Si le quartier où il habite est le plus chic de Paris, son appartement est le plus petit au monde. On dirait une boîte, parmi des centaines d'autres pareilles contenant ces armoires à glace que sont les gardes de la République. Le femme de mon-meilleur-ami-pour-la-vie vient de la campagne, comme nous. Ils se sont rencontrés au lycée. Leurs enfants ont à peu près l’âge d’Arthur. Ils jouent au-dessus de nos têtes, sur un lit-mezzanine. D'une porte ouverte, on voit sa chambre : un lit double, avec un édredon rouge, tient toute la place.
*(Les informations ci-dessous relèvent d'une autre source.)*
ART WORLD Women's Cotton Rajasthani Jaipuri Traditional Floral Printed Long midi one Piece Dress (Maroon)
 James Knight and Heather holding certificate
Après que nous ayons mangé à la paysanne - énormément -, sa femme part faire visiter aux petits les écuries, les manèges et les « carrières » - des esplanades recouvertes de sable, où tournent sans but chevaux et cavaliers.

Je me retrouve seule avec mon ami. Il prend l’air grave :
« - Andrée m'a dit qu'elle avait demandé à Heinrich de te donner du travail ? »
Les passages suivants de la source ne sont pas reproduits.